Par ailleurs, si la transposition, aux êtres simplement sensibles, de concepts et de notions en provenance de la philosophie morale et politique est le plus souvent convaincante, on a parfois l’impression que ce n’est plus le cas et que, pour parler de façon quelque peu familière, on assiste à quelque chose comme un grand écart. C’est le cas, par exemple, lorsqu’il est question de liberté républicaine. S’il s’agit simplement de désigner par cette expression les thèses des républicanistes contemporains, il n’y a rien à dire là contre. Mais s’il s’agit d’affirmer, au sens fort, que c’est la liberté qui prévaut (ou devrait prévaloir) dans les républiques qui doit prévaloir aussi dans les relations êtres humains/animaux, on est nettement plus sceptique : la liberté républicaine ne peut régir les rapports qu’entre des êtres capables de « faire république », pas entre ceux dont les intérêts effectifs sont tellement différents qu’ils en deviennent incommensurables et que le seul type de relation concevable est l’évitement.

En ce qui concerne l’exploitation, on notera que, contrairement à celui de « souffrance » (chapitre II) ou de « mort » (chapitre III), le terme n’est pas défini dans les règles de l’art ; il semble[11] qu’il soit tenu pour un synonyme d’« asservissement » ou d’« appropriation » de telle sorte qu’il renvoie à ce que les Allemands désignent par des termes distincts : Ausbeutung, Ausnutzung et Entäußerung. Cela tend, sinon à minimiser la dimension économique de la notion, du moins à la rejeter du côté du juridique. C’est parce que les animaux sont considérés comme des biens qu’ils sont exploités.

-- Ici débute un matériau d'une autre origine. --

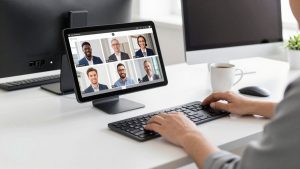 Best Computer Camera for Meetings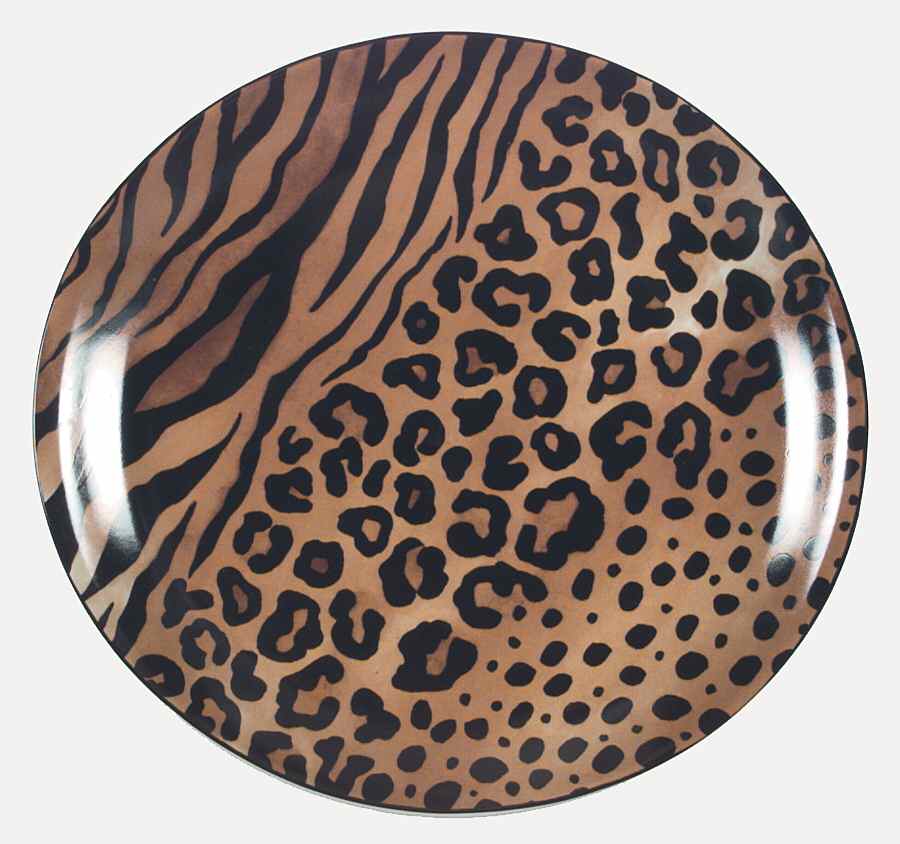 Serengeti Dinner Plate by Sakura-1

Reconnaître qu’ils ont des intérêts et donc des droits fondamentaux, c’est reconnaître qu’ils ne sont pas des choses dont on peut disposer à sa guise, mais des personnes. Ici, tout de même, il semble que Valéry Giroux affaiblisse sa propre argumentation. Elle sait très bien, parce qu’elle est juriste, que l’opposition personne/chose a un sens technique. Mais lorsque de tels arguments se diffusent dans le débat public, ce sont des gens qui ne sont pas du tout des juristes qui vont avoir affaire à eux. Or, pour le commun des mortels, une personne c’est quelqu’un, ce qu’un bar de ligne n’est pas et ne sera jamais (même un Kant glisse perpétuellement de la dimension juridique à la dimension psychologique ou ontologique — et parfois grammaticale ! — de la personne). Peut-être Valéry Giroux est-elle trop pessimiste à l’endroit de la catégorie intermédiaire d’être sensible, même si, il faut bien l’admettre, les choses n’ont guère changé dans les pays qui l’ont introduite dans leur arsenal juridique.

Quoi qu’il en soit, son ouvrage constitue une introduction exigeante mais excellente à la question de l’éthique animale. Et c’est certainement la défense la plus aboutie, philosophiquement parlant, d’une position végane.